OrderedSets implement the union (|), intersection (&), and difference (-) operators like sets do.

>>> letters |= OrderedSet('shazam')

>>> letters
OrderedSet(['a', 'b', 'r', 'c', 'd', 'x', 's', 'h', 'z', 'm'])

>>> letters & set('aeiou')
OrderedSet(['a'])

>>> letters -= 'abcd'

>>> letters
OrderedSet(['r', 'x', 's', 'h', 'z', 'm'])

The __getitem__() and index() methods have been extended to accept any iterable except a string, returning a list, to perform NumPy-like "fancy indexing".

>>> letters = OrderedSet('abracadabra')

>>> letters[[0, 2, 3]]
['a', 'r', 'c']

>>> letters.index(['a', 'r', 'c'])
[0, 2, 3]

OrderedSet implements __getstate__ and __setstate__ so it can be pickled, and implements the abstract base classes collections.MutableSet and collections.Sequence.

OrderedSet can be used as a generic collection type, similar to the collections in the typing module like List, Dict, and Set. For example, you can annotate a variable as having the type OrderedSet[str] or OrderedSet[Tuple[int, str]].

OrderedSet in data science applications

An OrderedSet can be used as a bi-directional mapping between a sparse vocabulary and dense index numbers. As of version 3.1, it accepts NumPy arrays of index numbers as well as lists.

This combination of features makes OrderedSet a simple implementation of many of the things that pandas.Index is used for, and many of its operations are faster than the equivalent pandas operations.
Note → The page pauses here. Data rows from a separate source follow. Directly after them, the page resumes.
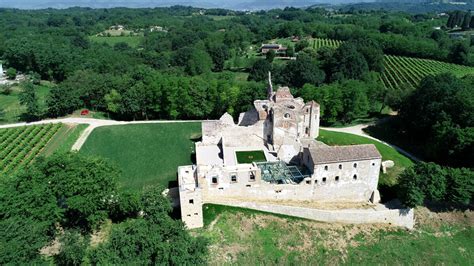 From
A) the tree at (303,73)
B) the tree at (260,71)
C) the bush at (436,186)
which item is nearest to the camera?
the bush at (436,186)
For further compatibility with pandas.Index, get_loc (the pandas method for looking up a single index) and get_indexer (the pandas method for fancy indexing in reverse) are both aliases for index (which handles both cases in OrderedSet).

Authors

StableSet was implemented by Idan Miara built upon the foundations of OrderedSet. OrderedSet was implemented by Elia Robyn Lake (maiden name: Robyn Speer). Jon Crall contributed changes and tests to make it fit the Python set API. Roman Inflianskas added the original type annotations.

Comparisons

A StableSet is a mutable set that remembers its insertion order. Featuring: Fast O(1) insertion, deletion, iteration and membership testing. But slow O(N) Index Lookup.

An OrderedSet is a mutable data structure that is a hybrid of a list and a set. It remembers its insertion order so that every entry has an index that can be looked up. Featuring: O(1) Index lookup, insertion, iteration and membership testing. But slow O(N) Deletion.

Both have similar interfaces but differ in respect of their implementation and performance.

The original implementation of OrderedSet was a recipe posted to ActiveState Recipes by Raymond Hettiger, released under the MIT license.

Hettiger's implementation kept its content in a doubly-linked list referenced by a dict. As a result, looking up an item by its index was an O(N) operation, while deletion was O(1).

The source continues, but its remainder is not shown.